Here's What Dip Buyers Bought Amid Last Week's Stock Sell-Off
Key Takeaways
Dip buyers came out in spades last week, according to client fund flow data from Bank of America.
BofA clients, including institutional investors and corporate clients, were net buyers of U.S. equities for a seventh consecutive week last week. They bought up individual stocks and
ETFs
as the benchmark
S&P 500
slid into a correction
for the first time since 2023.
Private clients were buyers for a 14th straight week, their longest start-of-year buying streak in data going back to 2008.
Institutional clients
returned to buying after two weeks as net sellers.
Hedge funds
, meanwhile, stuck to selling for a fifth straight week.

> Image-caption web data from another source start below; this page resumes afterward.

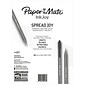 Paper Mate InkJoy 100 RT Retractable Ballpoint Pen, Medium Point, Black Ink, 20/Pack (1951395)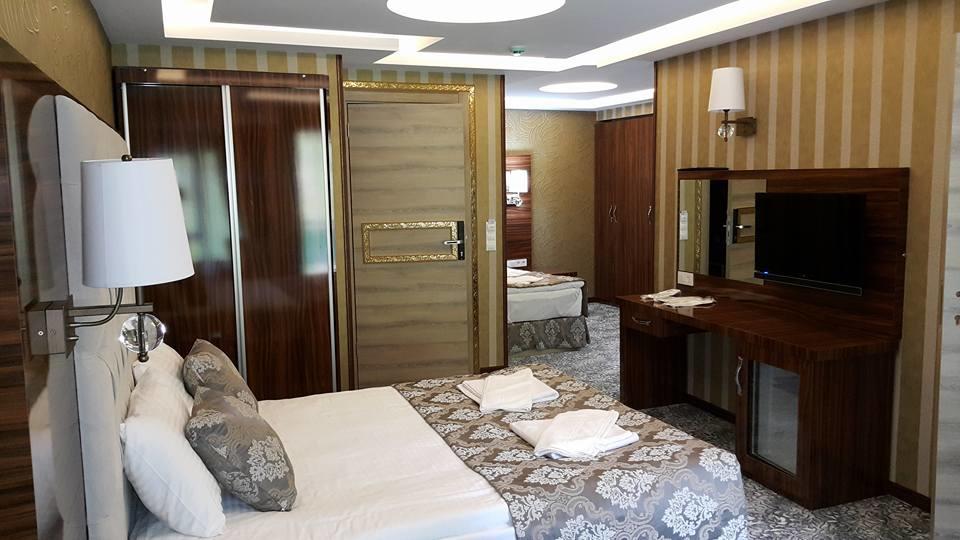 Ayder Hasimoglu Hotel Eksteriør billede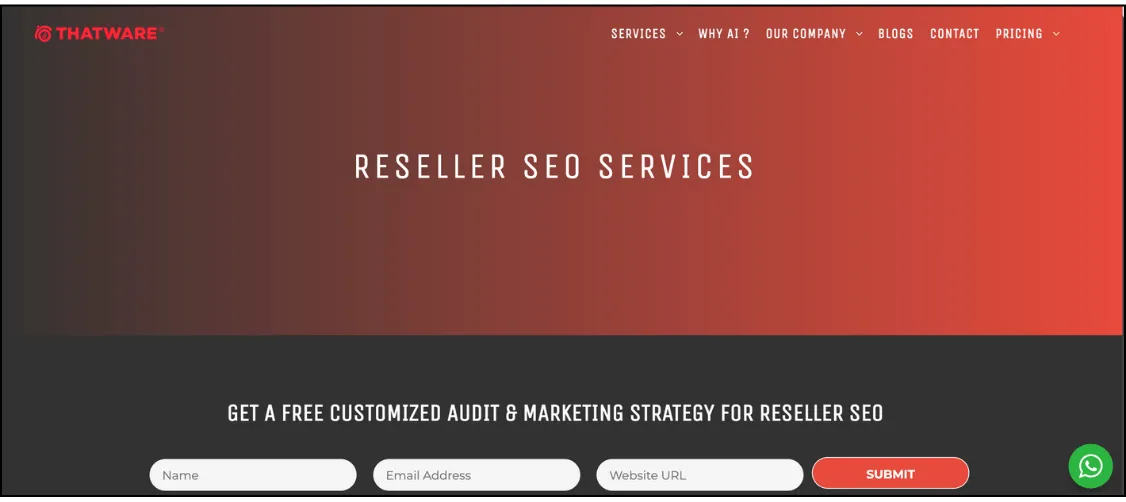 best seo reseller company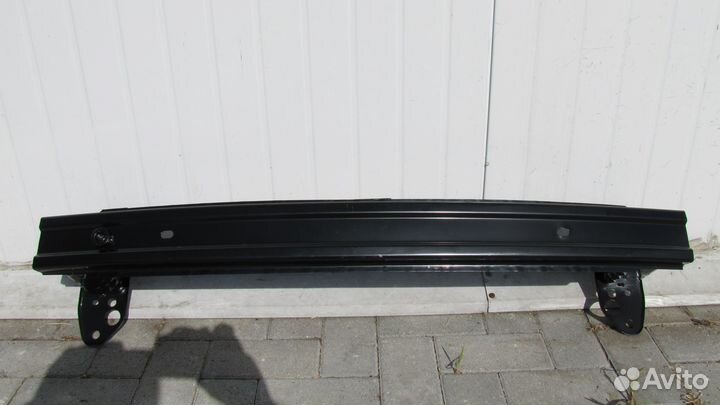 Kia Rio 3 усилитель переднего бампера 2011-2017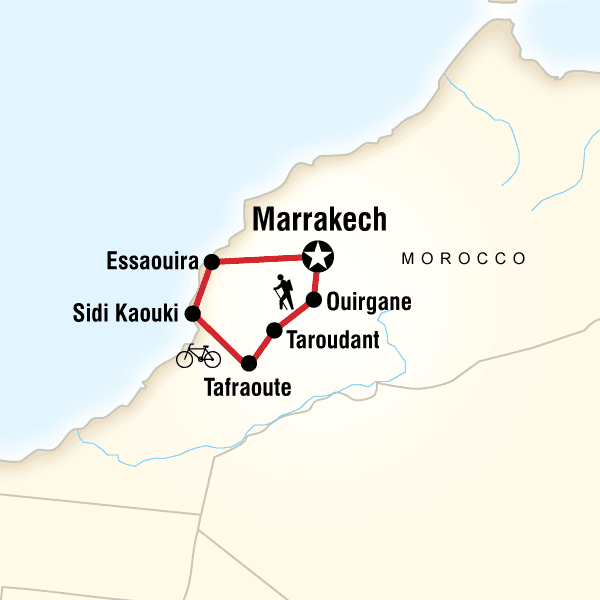 Morocco Active Adventure image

Last week's sell-off came amid mounting recession fears. Investors and economists are antsy that tariffs could slow economic growth and
raise prices
, increasing the risk of the U.S. economy entering a period of "
stagflation
." Consumers have also grown fearful of tariffs—
inflation expectations have soared
in recent months, causing consumer confidence to drop to its
lowest level since 2022
.
BofA Clients Bought More Cyclical Than Defensive Stocks
However, much of last week's equity buying ran counter to the narrative driving the market. BofA clients bought more stocks in the consumer discretionary and other
cyclical sectors
than in defensive sectors. Consumer staples, a classic
defensive sector
, was one of just two sectors that investors sold last week. On the flip side, cyclicals led the buying. Energy recorded its biggest week of inflows since March 2023, and tech saw its biggest inflows since July 2023.
Small-cap ETFs, however, saw their largest outflows since July 2022, suggesting some caution among investors.
Small caps
tend to be more sensitive than large caps to slowdowns in consumer and business spending.